One of the biggest challenges founders encounter when scaling a company is the mental shift they have to make as they transition from doers to delegators. Startup founders are gritty, and they love to build things. It’s in their nature. Founders are also typically fascinated by the feeling of being on the verge of success, some even describe it as the greatest feeling on earth.
As startups move beyond the proof-of-concept stage and begin to gain meaningful traction, assembling a trustworthy team is often the next step. This is a critical step especially for early-stage founders as most of their early recruits are individuals who join the company because they believe in the vision and long-term growth, not just because they get paid an enormous salary.
“Founders who build effective teams establish trust when they lead by example.
Provide clear instructions and expectations to team members. Be able and willing to step out of the way to give people the chance to prove themselves. This last step can be difficult for some founders because they believe no one can do the job better than they can. That’s usually because no one has more to lose than the founder if things don’t work right!
Over the course of my career as an investor, and now founder of Serac Ventures, I’ve learned a few things about leadership. These concepts are applicable to any company regardless of sector or industry. As a leader:
- Stop assuming that no one else can do what you do better than you can.
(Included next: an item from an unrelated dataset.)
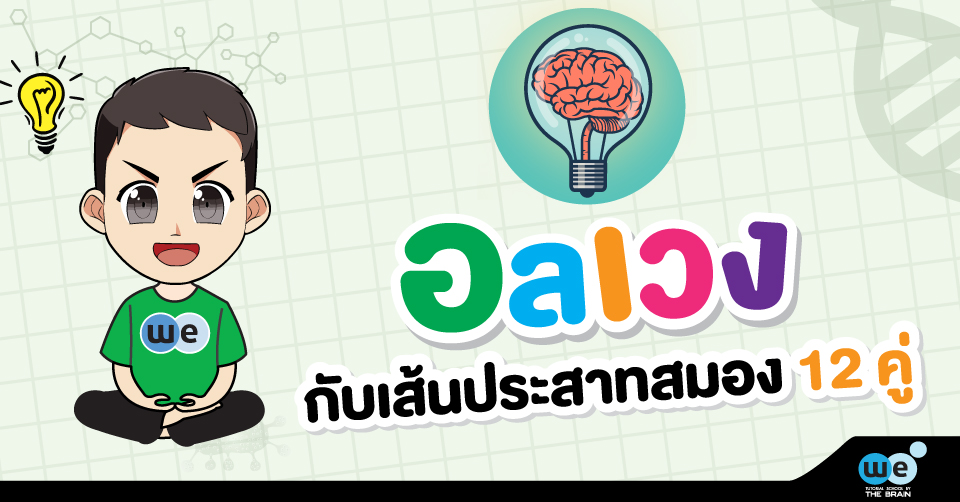 ชีวะ-อลเวงกับประสาทสมอง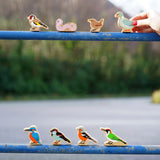 Lanka Kade Wooden Birds lined up in two rows. On the top (left to right) is the pigeon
- This is a huge fallacy that may be true within a small organization for a very short period of time. However, as a company grows, it’s imperative for CEOs to find people they believe can do the job/task better (or differently) than they would do it themselves.
2. Set clear expectations for what you want from people.
- Expectations for team members should be so clear that they can easily be explained to a fifth grader. If a fifth-grade student can’t understand what you are telling them, it needs to be explained so it’s clearer. No need to get fancy.
3. Don’t give someone more than they can handle.
- When this happens, the end result/product is usually not great and you waste time making corrections
4. Don’t micromanage people.
- Give people clear instructions and trust them do their jobs.
5. People have different ways of arriving at the same result.
- If the path someone else takes to accomplish something in the same (or less) amount of time, that’s perfectly okay.
6. Don’t sweat the small stuff.
- If your graphic designer wants to place your company logo in the bottom left-hand corner and you prefer it placed in the upper right-hand corner, at the end of the day, it doesn’t matter. As a CEO, you have bigger problems to deal with. Let it go.
7. Progress is better than perfection.
- Sometimes leaders get so caught up in the minutiae that things stagnate, and nothing gets done. By no means does this mean that a company should produce subpar products or provide subpar service. That’s unacceptable. However, leaders should grow to become accustomed or comfortable with iteration and understand that it takes time to arrive at a perfect solution. It’s better to take two steps forward and one step backward versus taking no steps at all.
Lastly, one of the most difficult things for any founder to do is step down from the CEO role and hand over the reins of their company to a different person. I heard one founder say, “Imagine you spend several years of your life feeding, nurturing, and caring for your children, and then one day you have to hand them over to another person, a stranger, to raise them. That’s what it feels like to step down from your company and let another CEO run it. It hurts, but it’s necessary.” This may seem melodramatic, but it is indeed true.
Empowering others to achieve success requires building trust. One of the most effective ways to do that as a CEO is to trust others to do their jobs and hold them accountable when they don’t. This is the art of effective delegation to ensure things get done. It’s a constant work in progress.